[Source information — start]
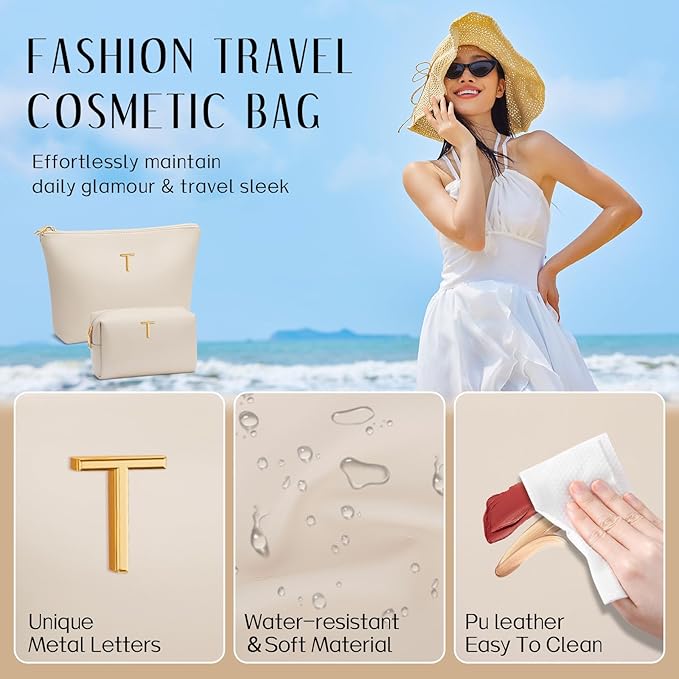 Women Gifts | Initial Makeup Bag Set for Girl Personalized Gifts for Bridesmaid Friend Graduation Teachers PU Leather Cosmetic Travel Toiletry Bag(Beige,T)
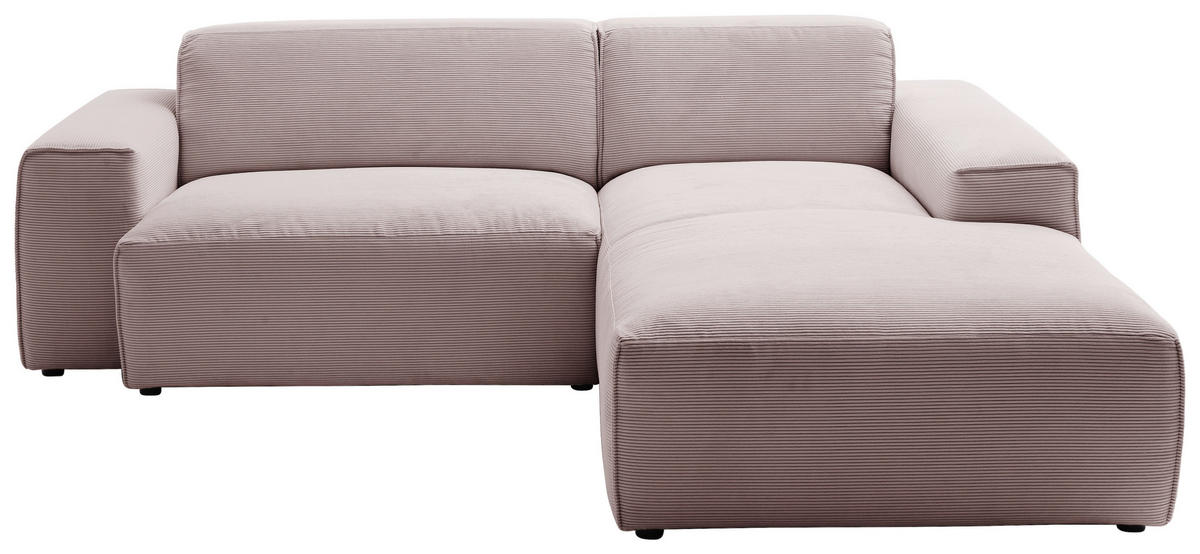 ECKSOFA in Cord Altrosa  230/189 cm  - Schwarz/Altrosa, Design, Kunststoff/Textil (230/189cm) - Pure Home Lifestyle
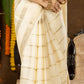 Classic Mysore Semi Silk Saree | Cream | Long Zari Lines with Mysore Silk Border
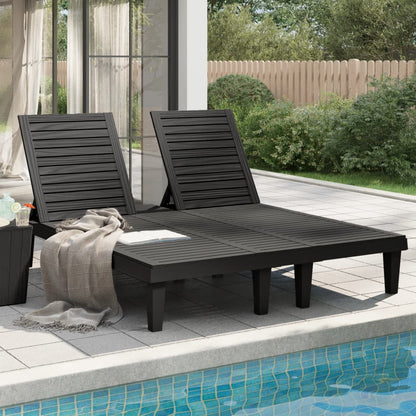 vidaXL Double Sun Lounger Black 155x138x83 cm Polypropylene 1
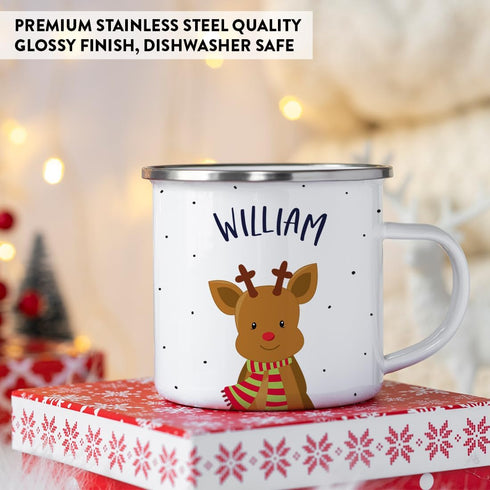 11Oz. 1-Pack Andaz Press Personalized Kids Christmas Hot Chocolate Stainless Steel Campfire Coffee Mug, Adorable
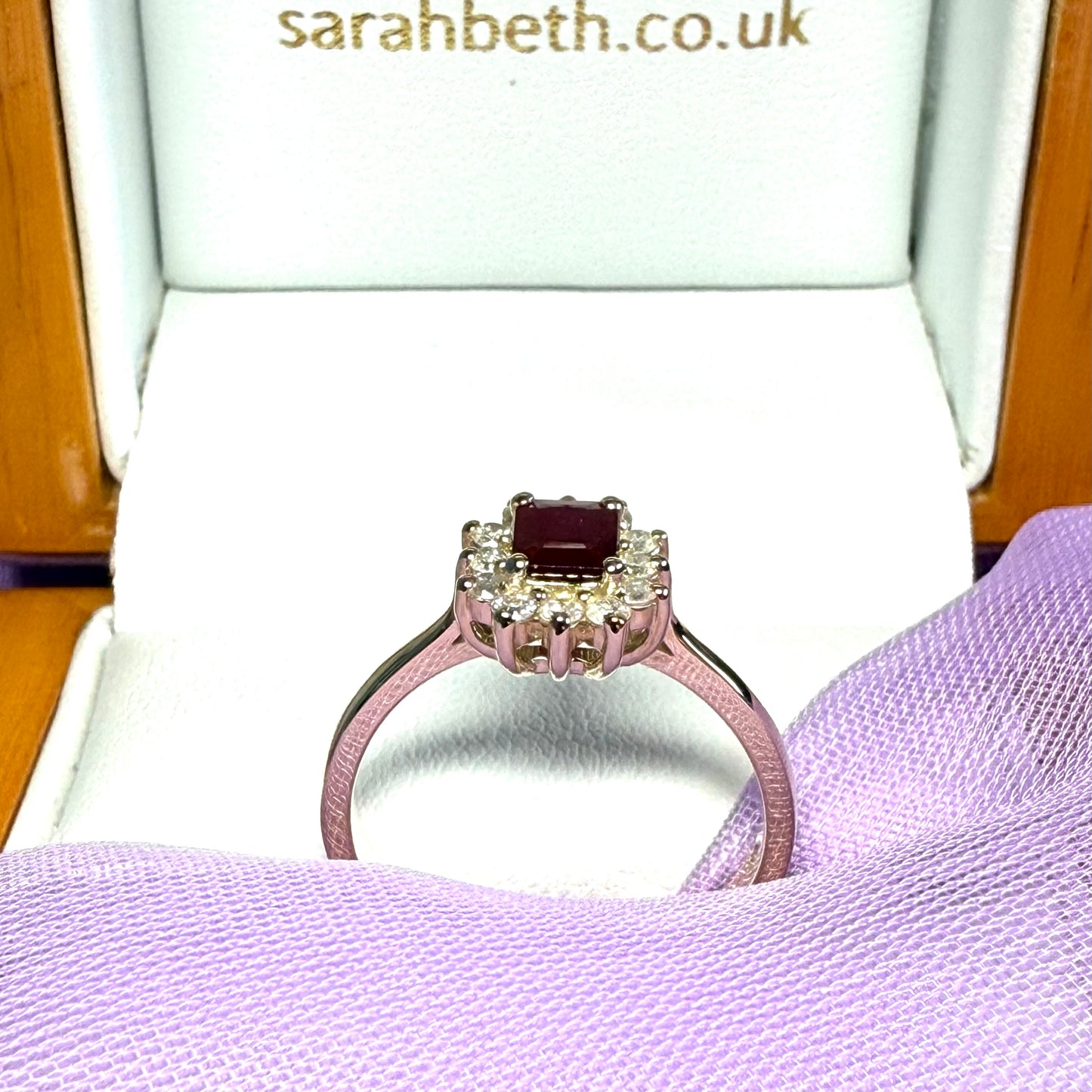 Square red real ruby and diamond yellow gold cluster ring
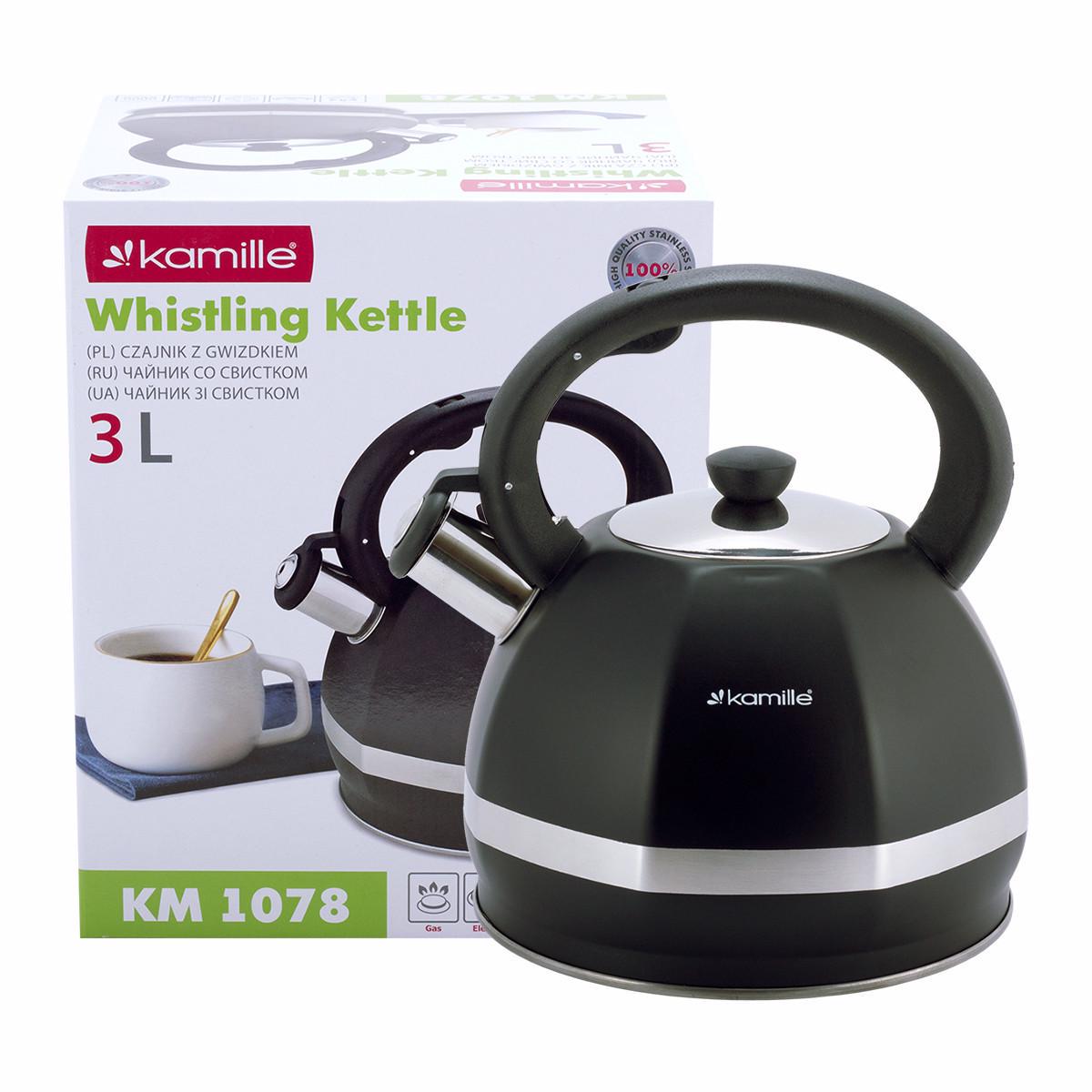 Чайник Kamille KM-1078 из нержавеющей стали со свистком и нейлоновой ручкой 3 л (1883388996)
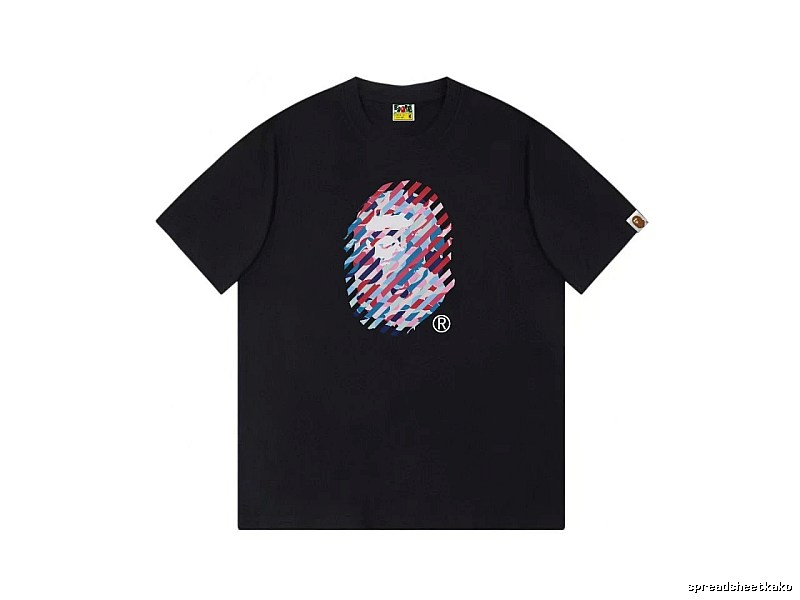 Bape camouflage style black T-shirt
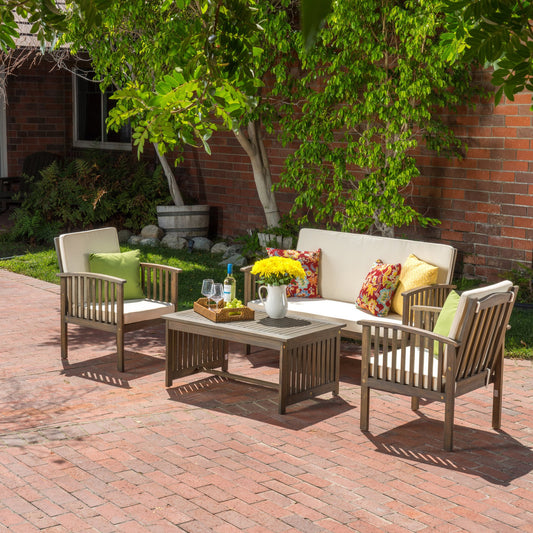 4-Piece Outdoor Chat Set with Water Resistant Cushion and Wood Frame, Cream and Grey
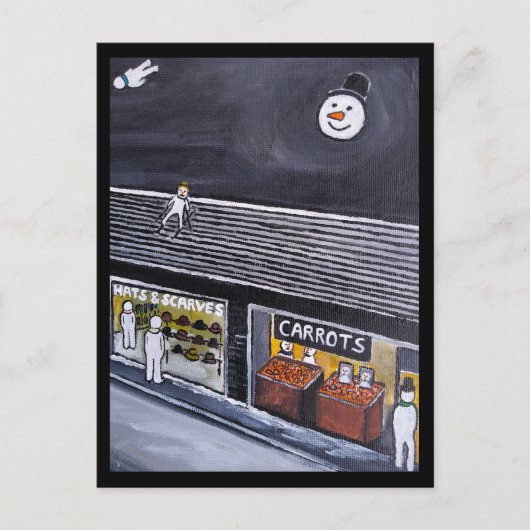 Snow Town Painting by Alfred Fox Briefkaart (Voorkant)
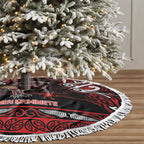 Ngapuhi Aotearoa Meri Kirihimete Tree Skirt Maori Kiwi Bird Silver Fern Koru Pattern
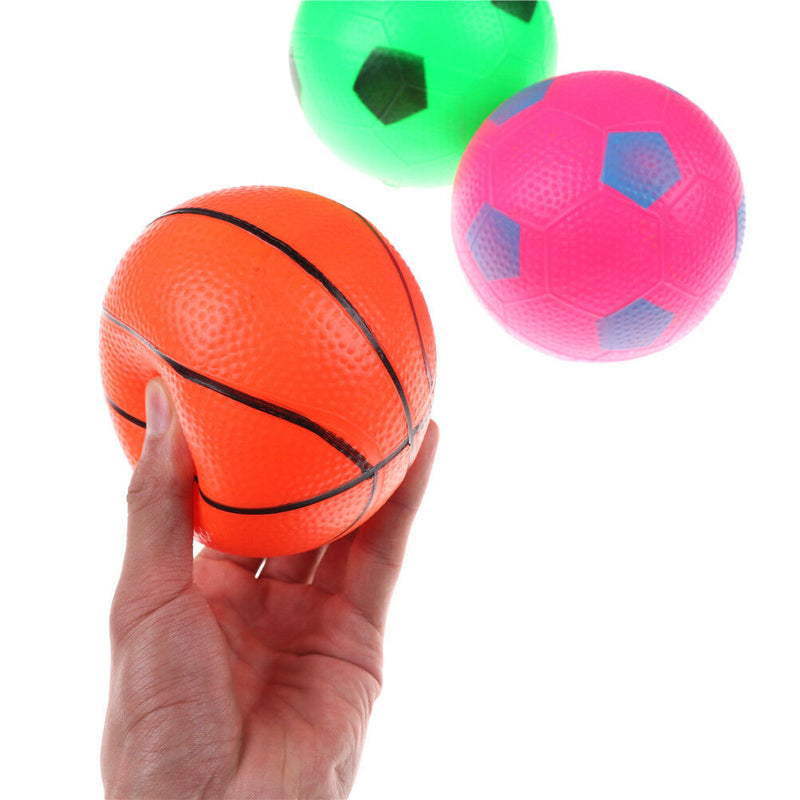 12cm Inflatable Basketball Football Blow Up Ball Kids Sports Outdoor Play To BX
[Source information — finish]
> _Exercise directions_
Copy out the entries exactly. No pictures.

> _Expected output_
 Women Gifts | Initial Makeup Bag Set for Girl Personalized Gifts for Bridesmaid Friend Graduation Teachers PU Leather Cosmetic Travel Toiletry Bag(Beige,T)
 ECKSOFA in Cord Altrosa  230/189 cm  - Schwarz/Altrosa, Design, Kunststoff/Textil (230/189cm) - Pure Home Lifestyle
 Classic Mysore Semi Silk Saree | Cream | Long Zari Lines with Mysore Silk Border
 vidaXL Double Sun Lounger Black 155x138x83 cm Polypropylene 1
 11Oz. 1-Pack Andaz Press Personalized Kids Christmas Hot Chocolate Stainless Steel Campfire Coffee Mug, Adorable
 Square red real ruby and diamond yellow gold cluster ring
 Чайник Kamille KM-1078 из нержавеющей стали со свистком и нейлоновой ручкой 3 л (1883388996)
 Bape camouflage style black T-shirt
 4-Piece Outdoor Chat Set with Water Resistant Cushion and Wood Frame, Cream and Grey
 Snow Town Painting by Alfred Fox Briefkaart (Voorkant)
 Ngapuhi Aotearoa Meri Kirihimete Tree Skirt Maori Kiwi Bird Silver Fern Koru Pattern
 12cm Inflatable Basketball Football Blow Up Ball Kids Sports Outdoor Play To BX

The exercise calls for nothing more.